All’interno di questa piacevole e dotta ricostruzione, si inserisce la figura di Luigi Pirandello che non partecipa ma osserva e medita. Bloccato in un periodo di perduta ispirazione, medita sull’uomo e sul teatro. Ha in mente una “stranezza” ma non riesce a metterla a fuoco; sarà proprio interagendo con quella compagnia di dilettanti che qualcosa cambierà. Sul teatro il suo atteggiamento è inizialmente scettico: «il teatro è finzione: come si fa a credere a delle persone che si vestono con delle gorgiere, capelli piumati, pantaloni a sbuffo, nasi e baffi finti per sembrare quello che non sono?». I due teatranti hanno una pronta risposta: «il teatro è verità, bellezza e grazia». Roberto Andò sintetizza la situazione del contesto culturale del tempo, fra il verismo di Verga in uscita e l’irrazionalismo di Pirandello che avanza. «Luigi mio – lo apostrofa l’autore di I Malavoglia – ti sei messo a camminare per una strada desolata, piena di pericoli. Una strada che nessuno ha mai percorso: hai messo una bomba sotto l’edificio che noi con fatica abbiamo costruito».

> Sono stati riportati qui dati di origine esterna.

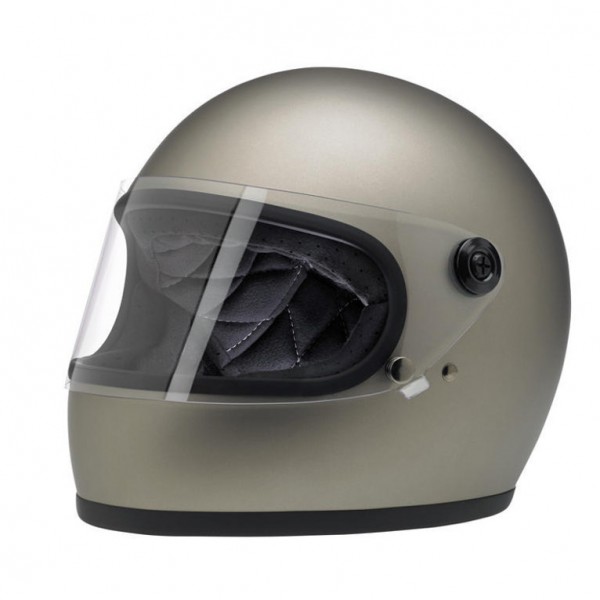 Biltwell Gringo S Flat Titanium Motorcycle Helmet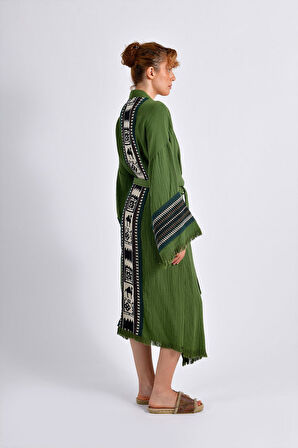 Olive (Zeytin Yeşili) Symbol Nomad Kimono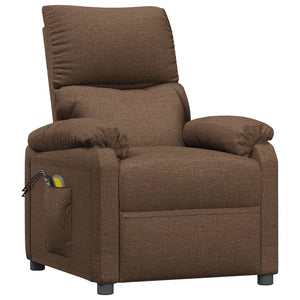 Massagesessel Elektrisch Braun Stoff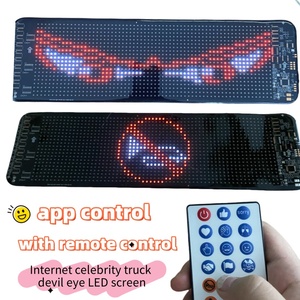 Internet célébrité camion led diable oeil matrice pixel panneau app télécommande dynamique écran d'animation personnalisé - Product Image 2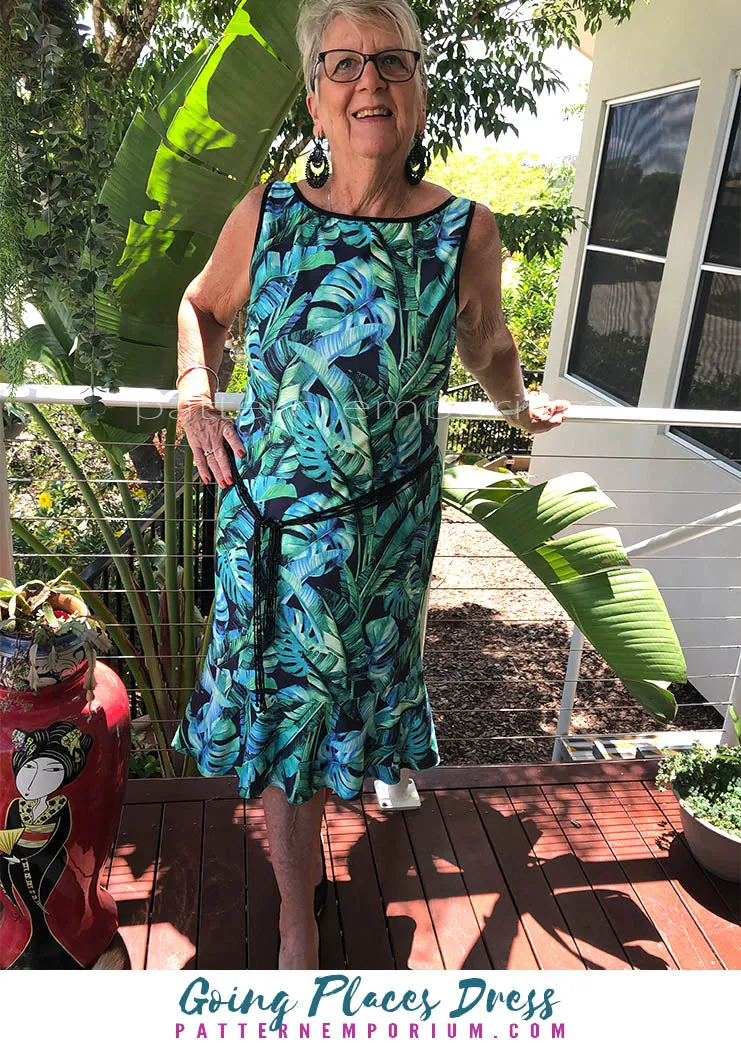 Going Places | Fit-Flare & Fitted Dress Sewing Pattern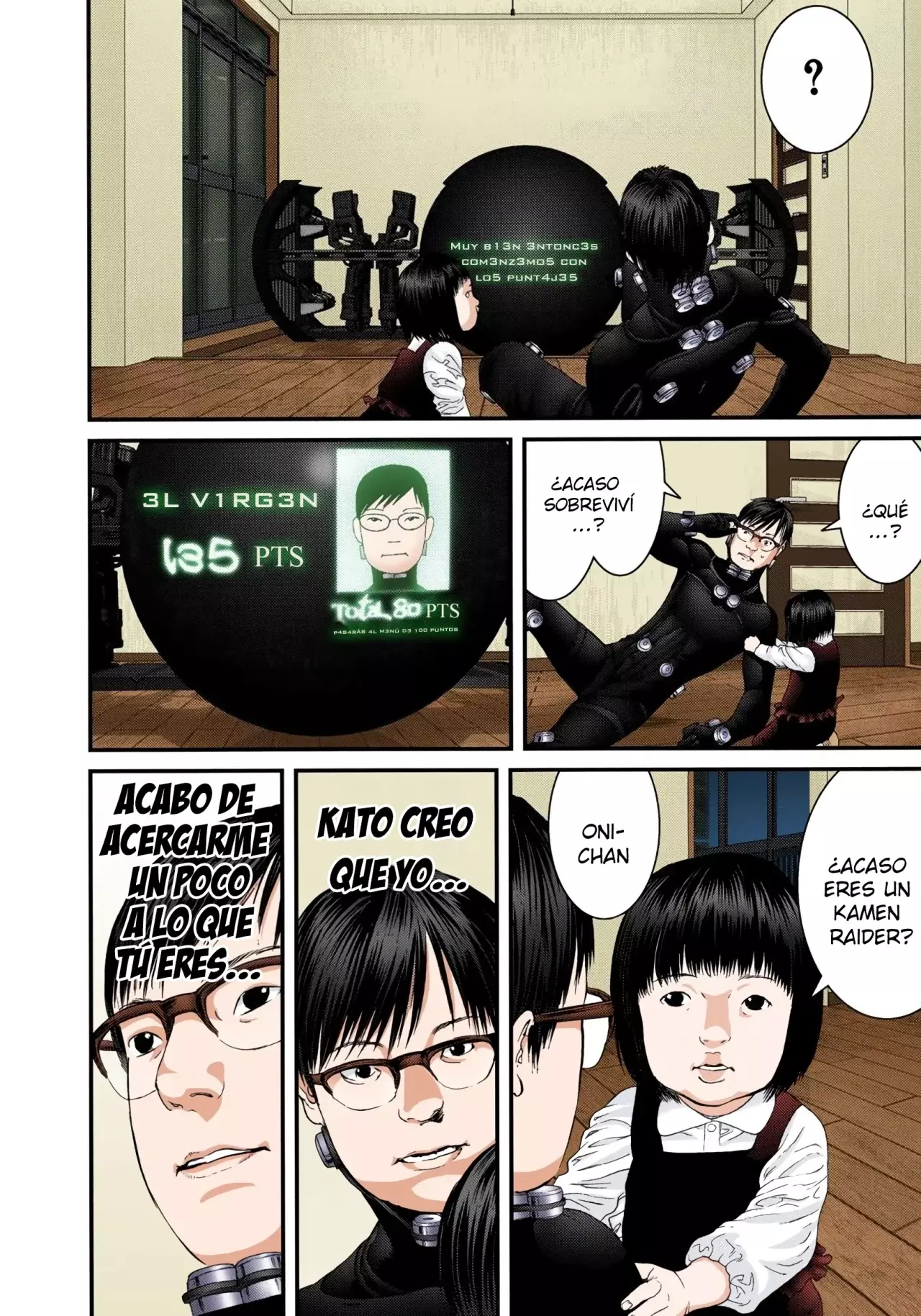 Read Gantz Full Color ES Manga Online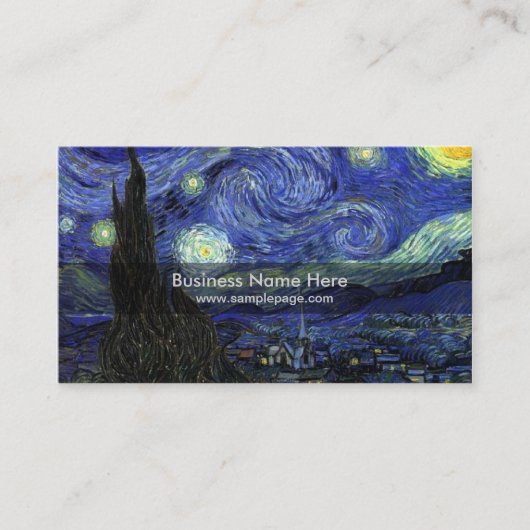 Sternennacht,1889,Vincent van Gogh Visitenkarte (Vorderseite)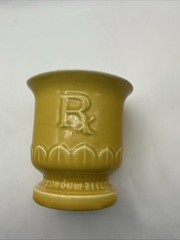 VIntage Ceramic RX Mortar Pharmacy USP Secundum Artem 150 Anniversary Faternity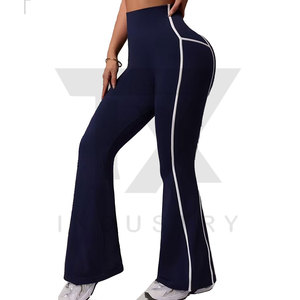 Nuevos Leggings de Yoga de Cintura Alta para Mujer, Tallas Grandes, Transpirables, de Spandex/Poliéster, Personalizables, Fitness, Moda, Sexy, Venta al Por Mayor, Negros - Product Image 2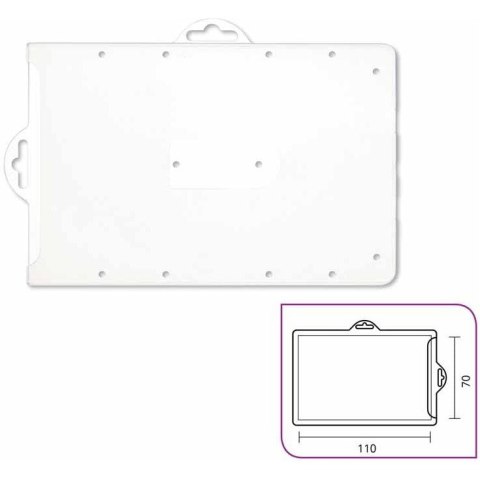 Identyfikator HOLDER typ P-przepustka 110x70mm 601065 ARGO Identyfikator HOLDER typ P-przepustka 110x70mm 601065 ARGO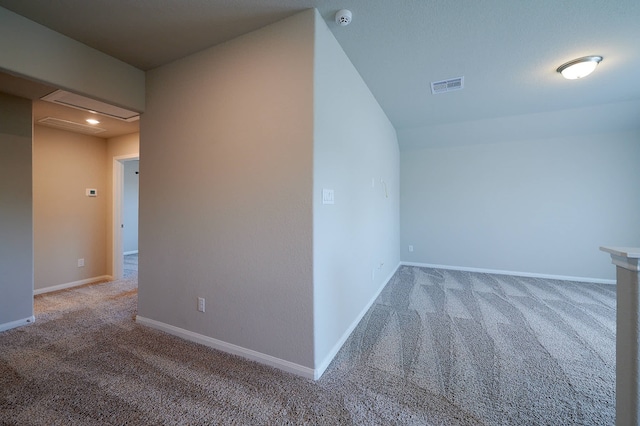 empty room with carpet floors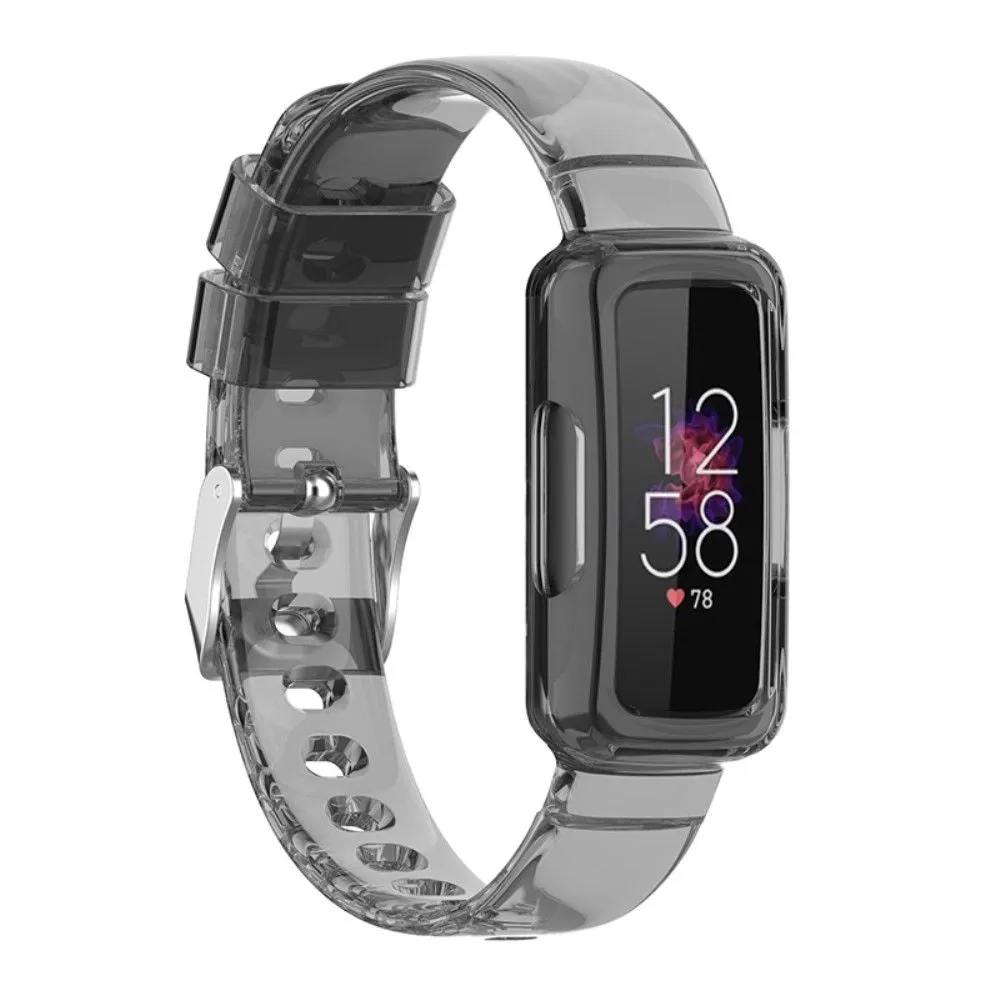 Fitbit Ace 3 / Luxe / Inspire HR clear TPU cover   watch strap - Transparent Black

Riportare in un film la visione che Pirandello ha avuto sull’identità della persona umana, sulla sua situazione tragica di essere inserito in un continuo fluire esistenziale e del suo tentativo di costruirsi delle forme fisse, delle maschere, nelle quali potersi riconoscere non è stata certo impresa facile. Roberto Andò ci mostra un Pirandello che riflette come se stesse già pensando al testo della sua prossima opera teatrale, una riflessione che in realtà è ricavata dalle pagine di Sei personaggi in cerca di autore: «come possiamo intenderci signore, se nelle parole che dico metto il senso e il valore delle cose come sono dentro di me, mentre inevitabilmente chi ascolta le assume con il valore e il senso che hanno per sé». Alla fine, l’aver deciso di essere presente alla prima teatrale della compagnia di Girgenti, l’aver visto come, con grande confusione, tutto si confonde (non c’è più distinzione fra i personaggi, gli attori, il pubblico, l’autore), che Pirandello trova la rappresentazione di quel conflitto dell’essere e la forma che lo porterà a scrivere Sei personaggi in cerca di autore.